◆ SUPPLIED DATA ◆
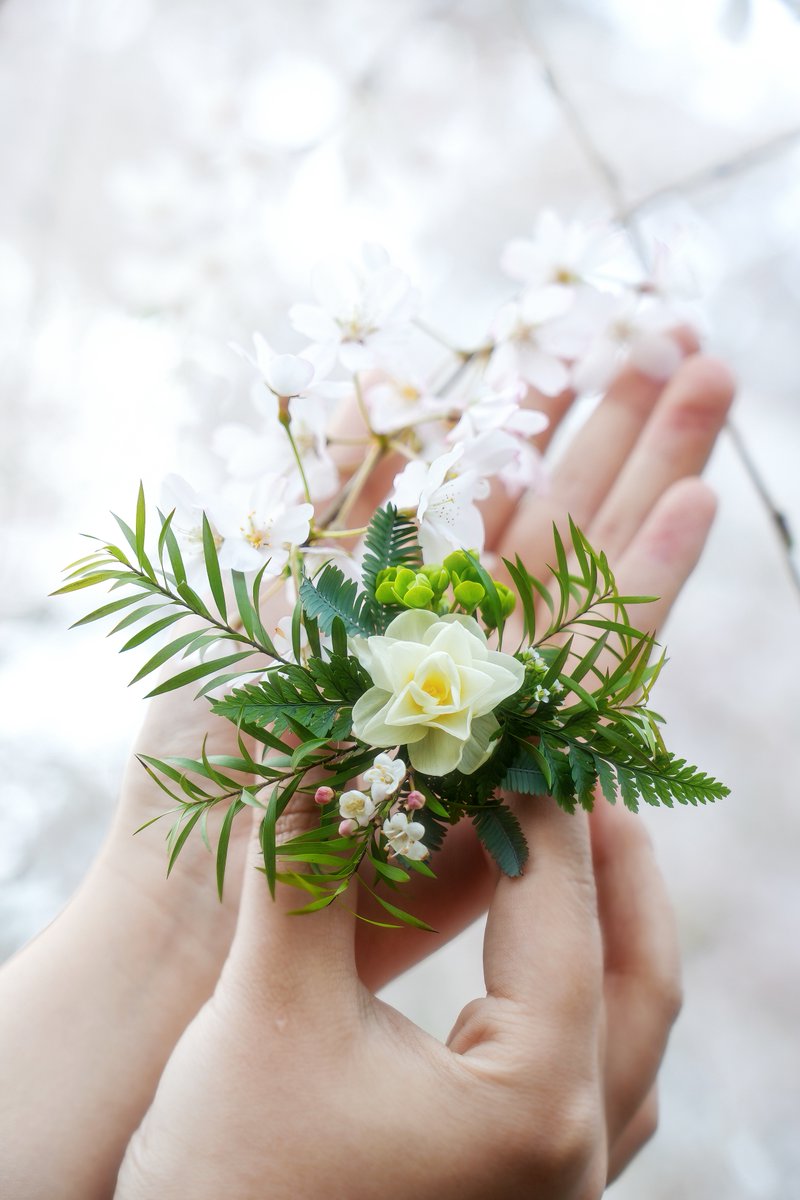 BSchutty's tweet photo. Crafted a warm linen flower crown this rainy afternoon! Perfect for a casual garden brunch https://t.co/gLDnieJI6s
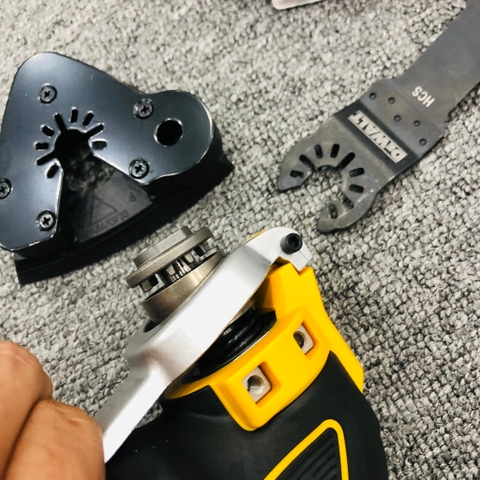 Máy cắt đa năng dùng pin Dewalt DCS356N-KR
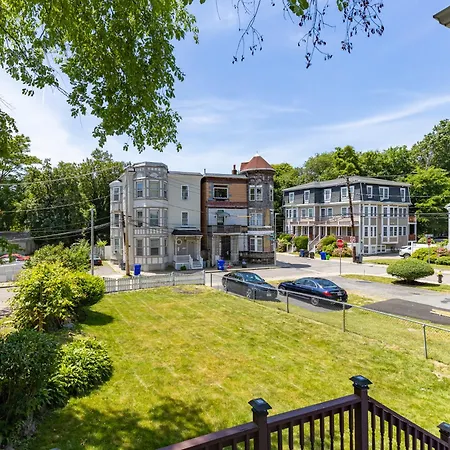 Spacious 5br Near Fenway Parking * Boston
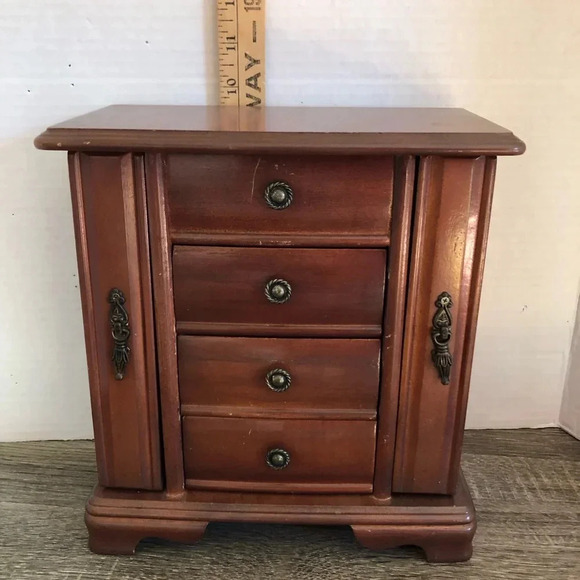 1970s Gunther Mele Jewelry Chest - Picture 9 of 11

--

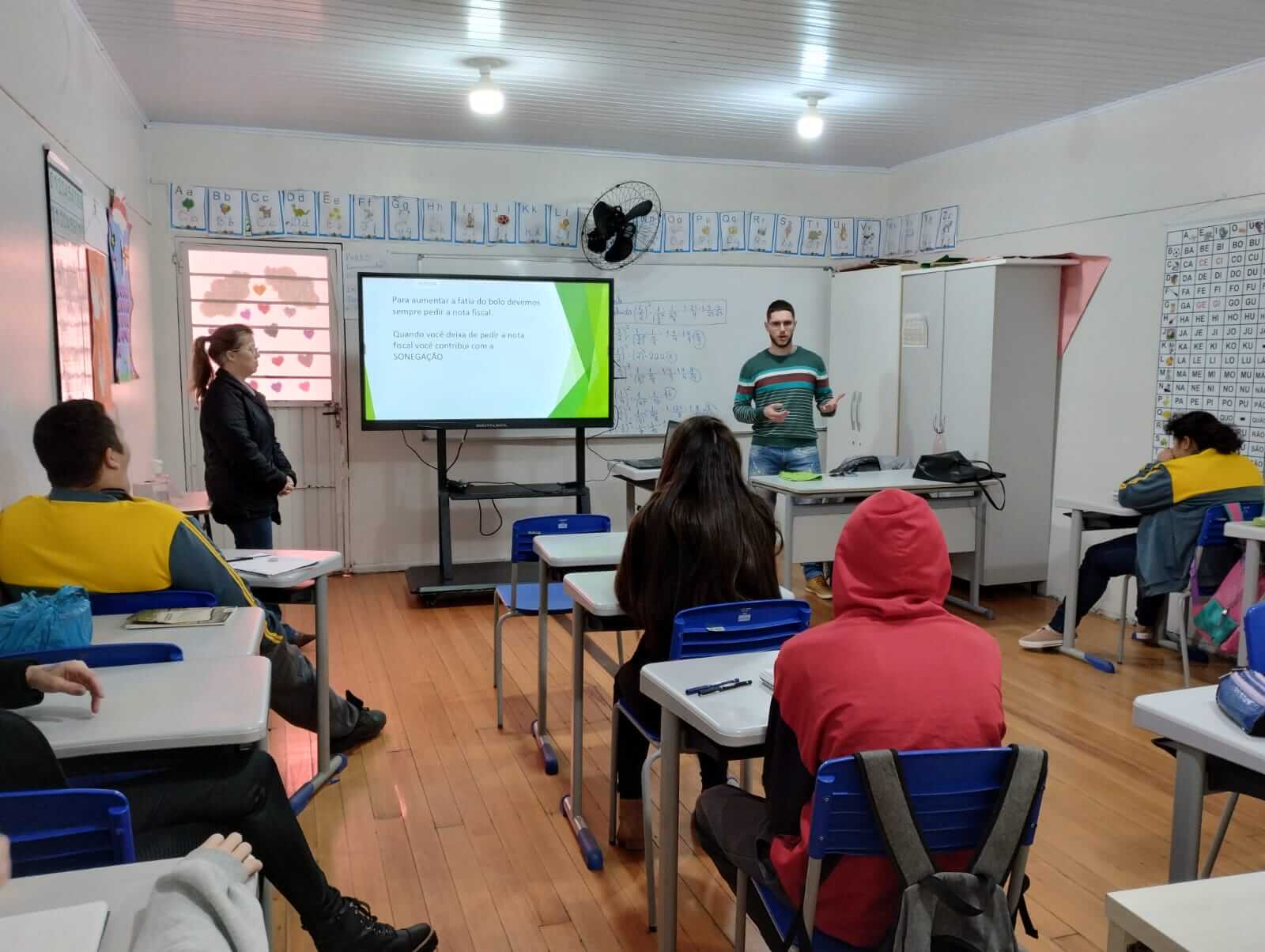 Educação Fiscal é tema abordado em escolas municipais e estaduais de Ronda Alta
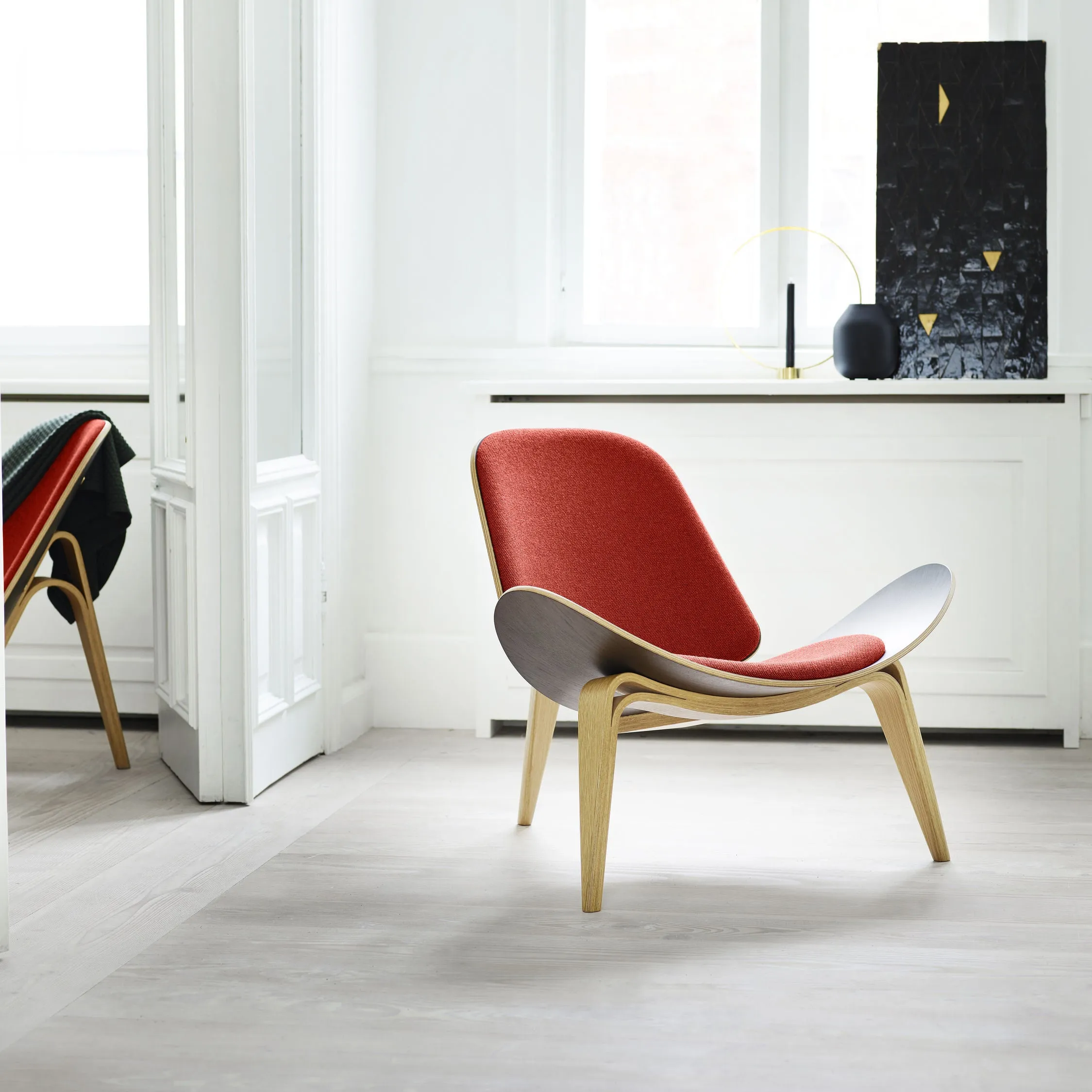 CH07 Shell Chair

* * *

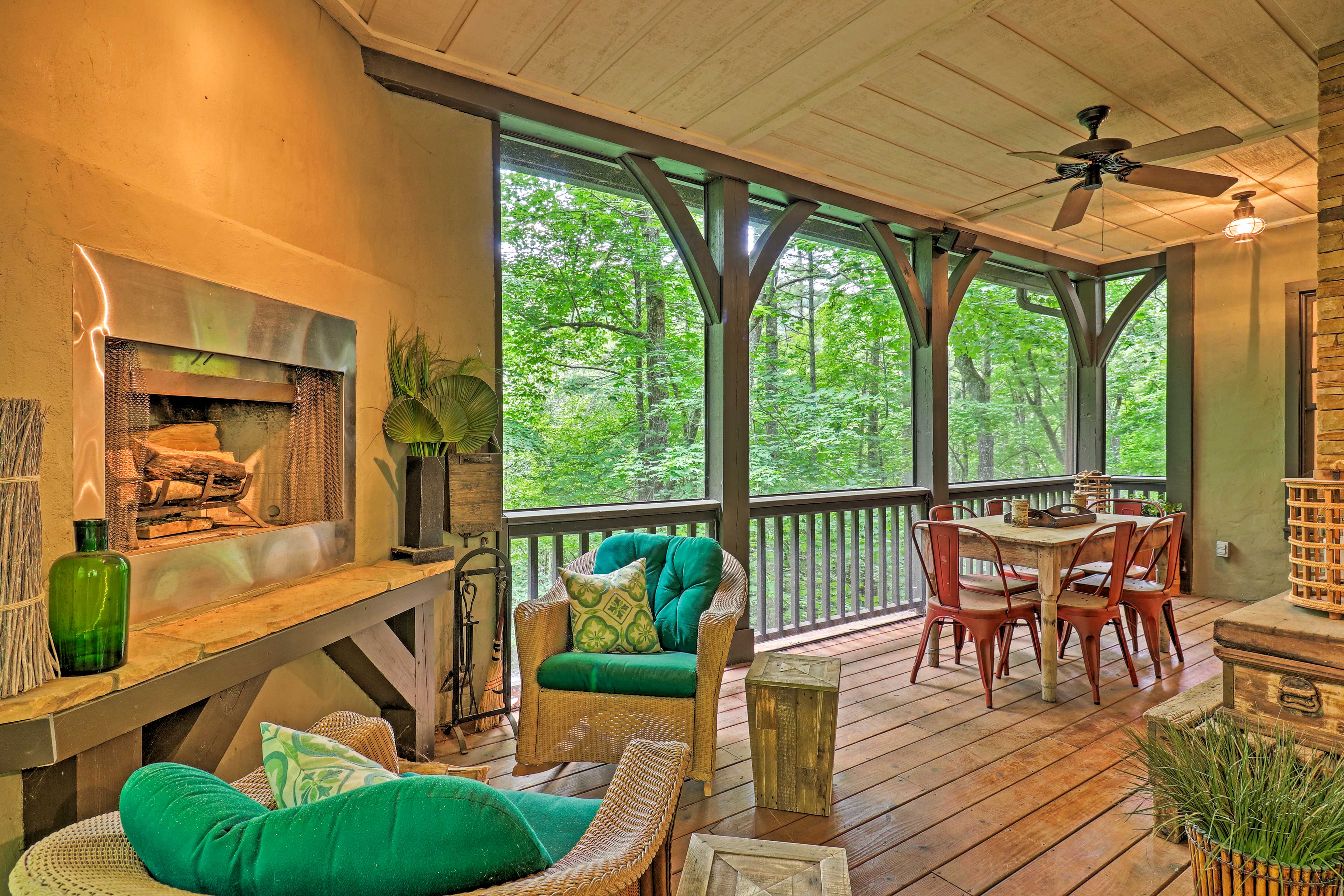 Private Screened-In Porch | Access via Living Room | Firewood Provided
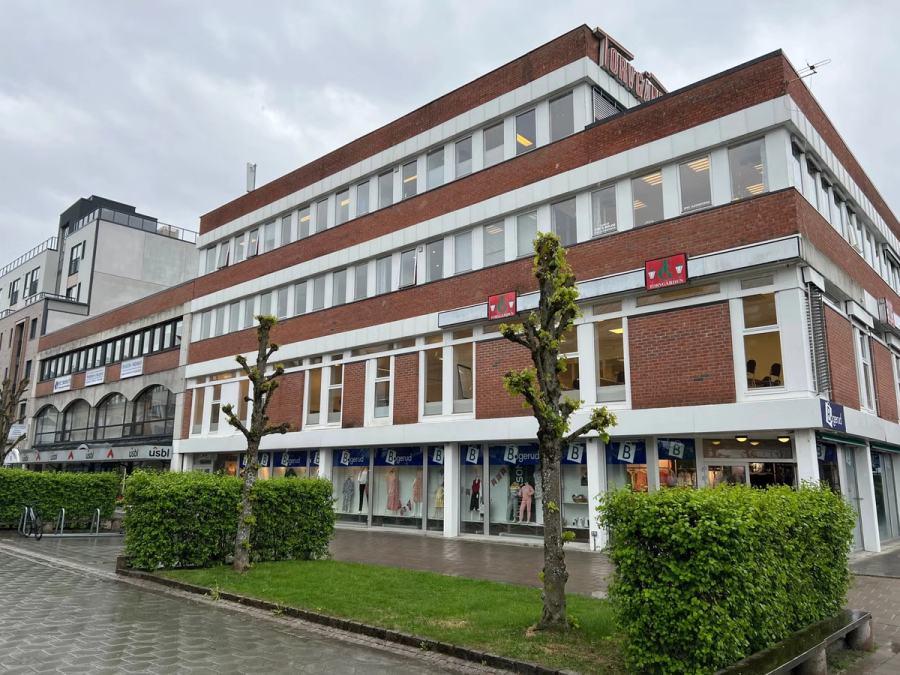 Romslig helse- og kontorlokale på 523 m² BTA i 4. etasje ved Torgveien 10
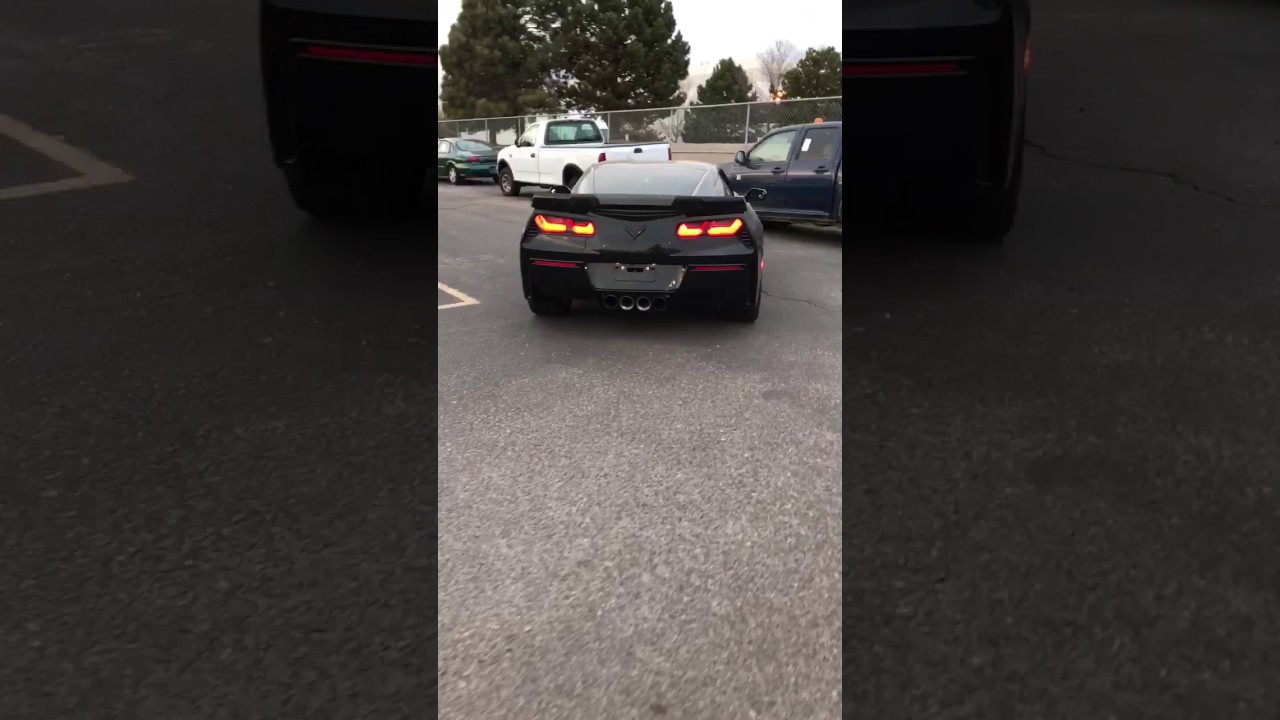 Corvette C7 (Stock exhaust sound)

◆ WHAT YOU SHOULD DO ◆
Copy back exactly the lines above from the one containing "Romslig helse- og" through the one containing "Corvette C7 (Stock exhaust sound)", and leave every picture behind.

◆ ANSWER TO THIS TASK ◆
 Romslig helse- og kontorlokale på 523 m² BTA i 4. etasje ved Torgveien 10
 Corvette C7 (Stock exhaust sound)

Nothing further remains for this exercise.